Her career on the Federal bench, from the Southern District Court in New York to the Second Circuit Court of Appeals, and her personal journey, from a childhood in a housing project in the Bronx, to honors at Princeton University and Yale Law School, are now well known to everybody in the country.
But one of the things that received a small amount of attention in her confirmation hearing are the 5 years--right out of law school--she spent as a prosecutor in the office of legendary Manhattan district attorney Robert Morgenthau. It is a reflection of Sonia Sotomayor's grit, determination, and courage that she took on this challenge at that particular time to serve as an assistant district attorney during one of the most crime-laden periods of New York's history.
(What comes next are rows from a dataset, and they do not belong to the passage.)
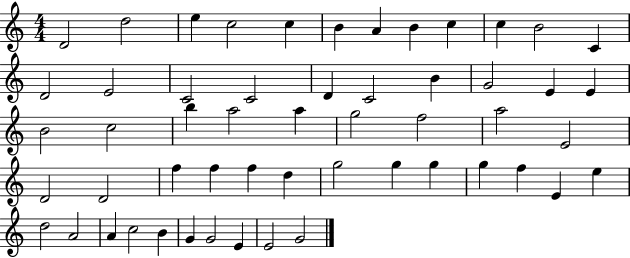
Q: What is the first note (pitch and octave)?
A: D4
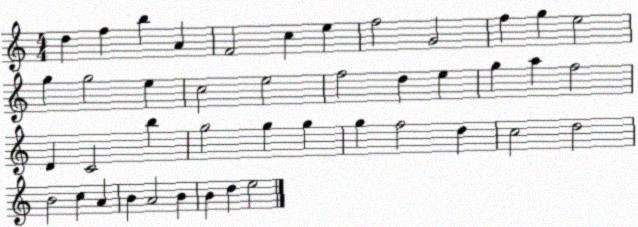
X:1
T:Untitled
M:4/4
L:1/4
K:C
d f b A F2 c e f2 G2 f g e2 g g2 e c2 e2 f2 d e g a f2 D C2 b g2 g g g f2 d c2 d2 B2 c A B A2 B B d e2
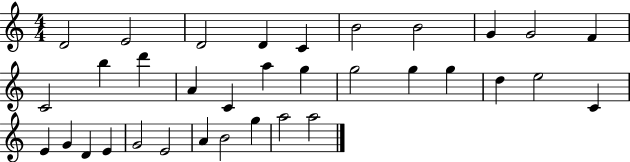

It is not often we get a chance to elevate to the Nation's highest Court someone who has followed police into shooting galleries, someone who has tracked down witnesses on streets awash in drug-related violence, and someone who has personally taken on witnesses and shredded some of them on cross-examination, and who has personally moved juries to tears in her closing arguments.
It is not often we get a chance to confirm a Supreme Court nominee who does not come from what Chairman Pat Leahy likes to call the
``judicial monastery.'' But rather we have a chance to confirm someone who has the personal experience, perspective, and understanding of how the world works within our system of law as a practitioner and also having seen what it is like for those who try to enforce the law at the street level, our police, our law enforcement officials, and also in seeing what happens to victims and families drawn into the system unwillingly.
Judge Sotomayor certainly was not in a ``judicial monastery'' when she was undertaking the task of putting criminals behind bars in New York. I believe experience will prove of enormous value to somebody on the Supreme Court--someone who can go there understanding what it means to work 12-hour days as a prosecutor struggling to put together a case with reluctant witnesses, with police who have a difficult time coming to the courthouse, and, obviously, with experience in interpreting the fifth amendment, fourth amendment rights with respect to search and seizure and personal incrimination.
One of her cases, in particular, stands out, which is the 1983 so-
called Tarzan Murderer case, involving a man who broke into apartments, sometimes by swinging from rooftops, robbing the residents, and then shooting them for no apparent reason. It was Judge Sotomayor's first homicide case and also her first homicide conviction. The defendant, Richard Maddicks, went to prison for 62\1/2\ years.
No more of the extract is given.